* **WHAT YOU WILL DO**
In the entries that follow, count each line containing "video" and state the total, nothing more.

═════ EXTRACTED MATERIAL ═════

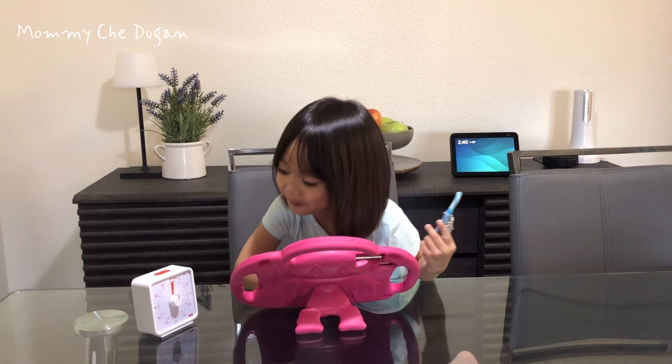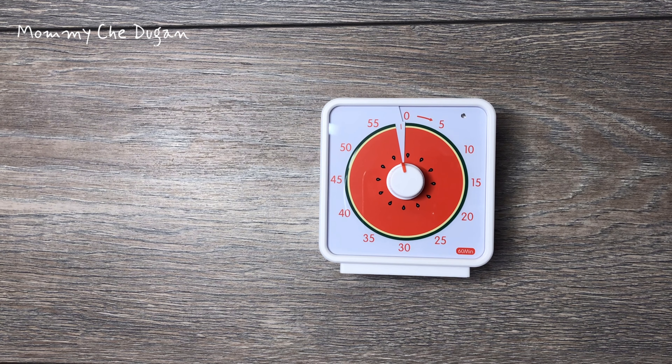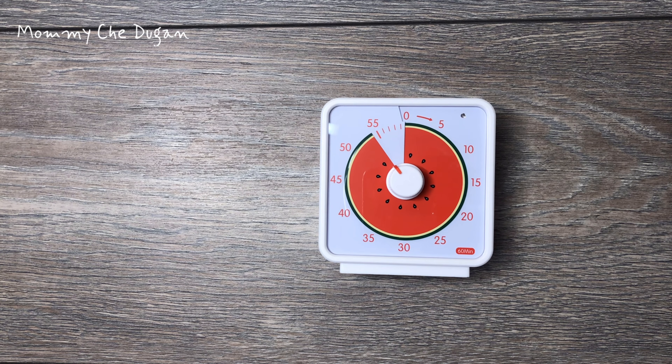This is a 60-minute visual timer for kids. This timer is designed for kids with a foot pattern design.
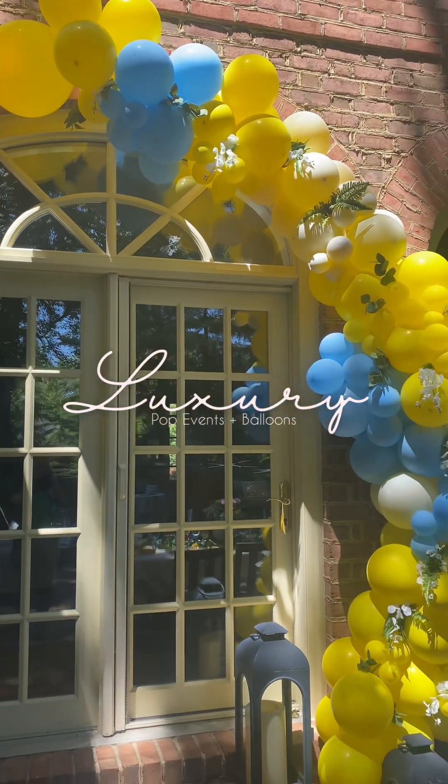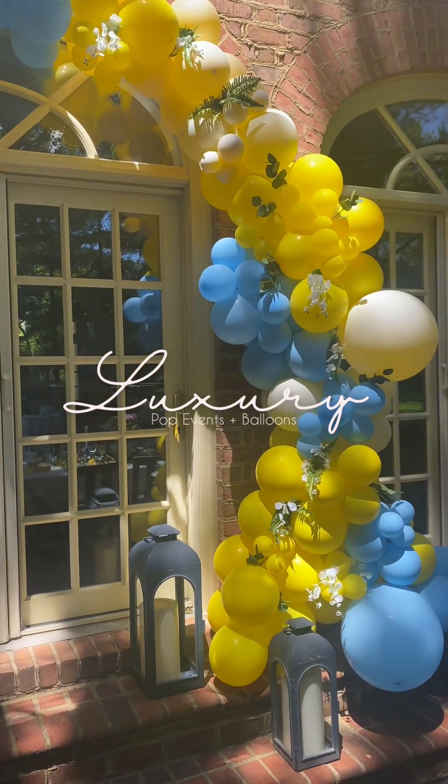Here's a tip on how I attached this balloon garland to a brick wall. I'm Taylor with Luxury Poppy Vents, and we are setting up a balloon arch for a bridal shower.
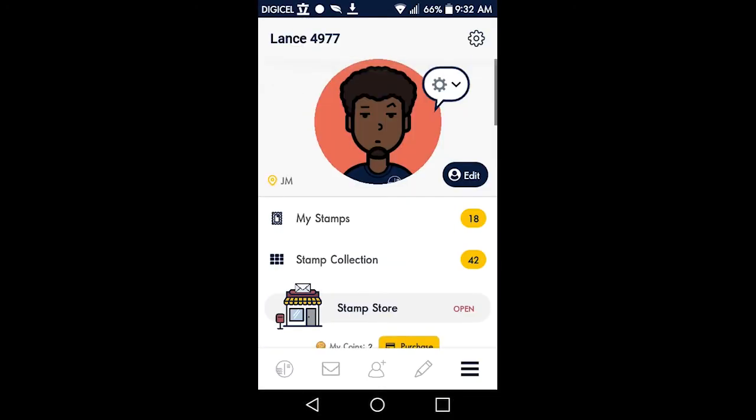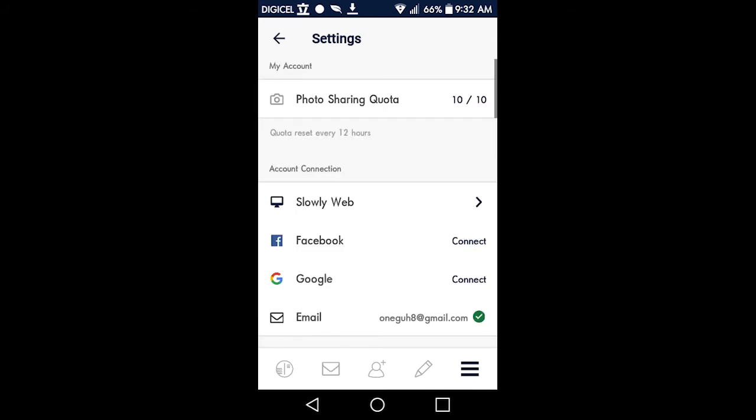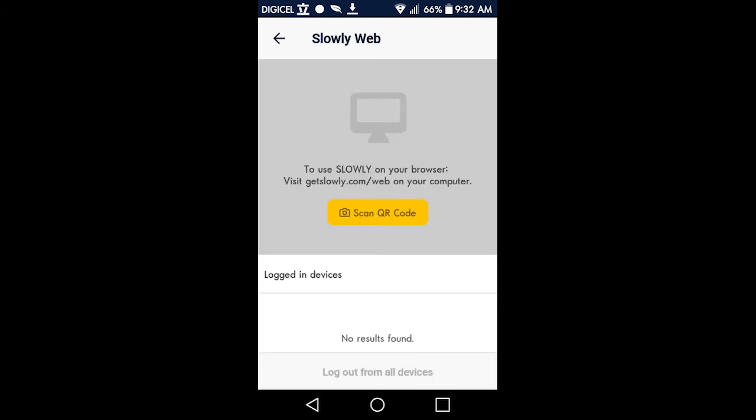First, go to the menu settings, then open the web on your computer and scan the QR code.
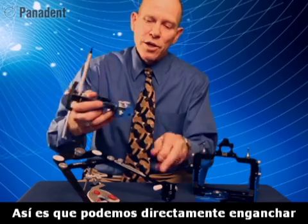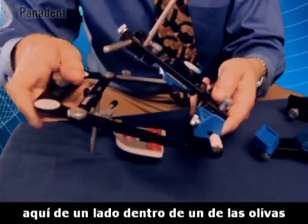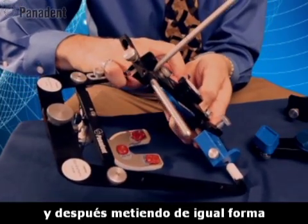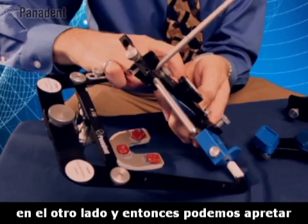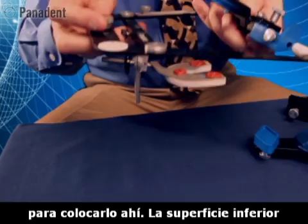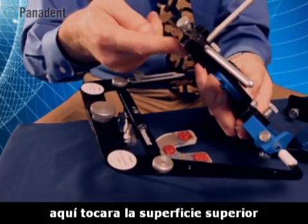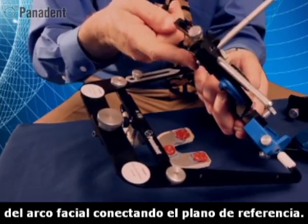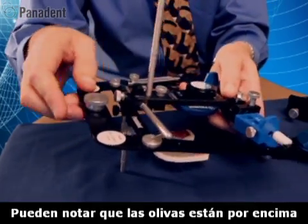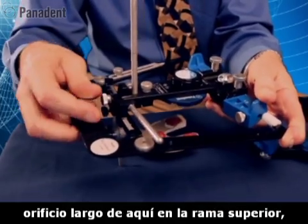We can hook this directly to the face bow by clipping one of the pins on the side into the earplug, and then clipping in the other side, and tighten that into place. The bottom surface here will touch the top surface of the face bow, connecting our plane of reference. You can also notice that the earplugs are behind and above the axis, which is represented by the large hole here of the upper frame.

═════
═════ EXTRACTED MATERIAL ═════

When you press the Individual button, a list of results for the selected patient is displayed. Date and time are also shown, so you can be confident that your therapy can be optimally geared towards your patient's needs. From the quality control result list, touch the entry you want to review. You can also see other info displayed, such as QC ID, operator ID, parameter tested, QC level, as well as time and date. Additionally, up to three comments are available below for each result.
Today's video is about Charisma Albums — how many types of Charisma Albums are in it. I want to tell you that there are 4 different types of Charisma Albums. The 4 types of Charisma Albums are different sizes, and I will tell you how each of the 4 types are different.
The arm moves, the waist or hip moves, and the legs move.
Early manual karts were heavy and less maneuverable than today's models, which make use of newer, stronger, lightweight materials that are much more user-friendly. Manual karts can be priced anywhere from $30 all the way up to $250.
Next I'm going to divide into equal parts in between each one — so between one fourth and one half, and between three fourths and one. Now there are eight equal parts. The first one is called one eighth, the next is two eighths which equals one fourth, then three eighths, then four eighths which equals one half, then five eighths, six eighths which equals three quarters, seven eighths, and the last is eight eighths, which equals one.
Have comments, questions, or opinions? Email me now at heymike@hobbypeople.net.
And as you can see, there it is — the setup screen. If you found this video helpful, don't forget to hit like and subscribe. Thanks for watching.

═════

* **SOLUTION TO THE PROBLEM**
2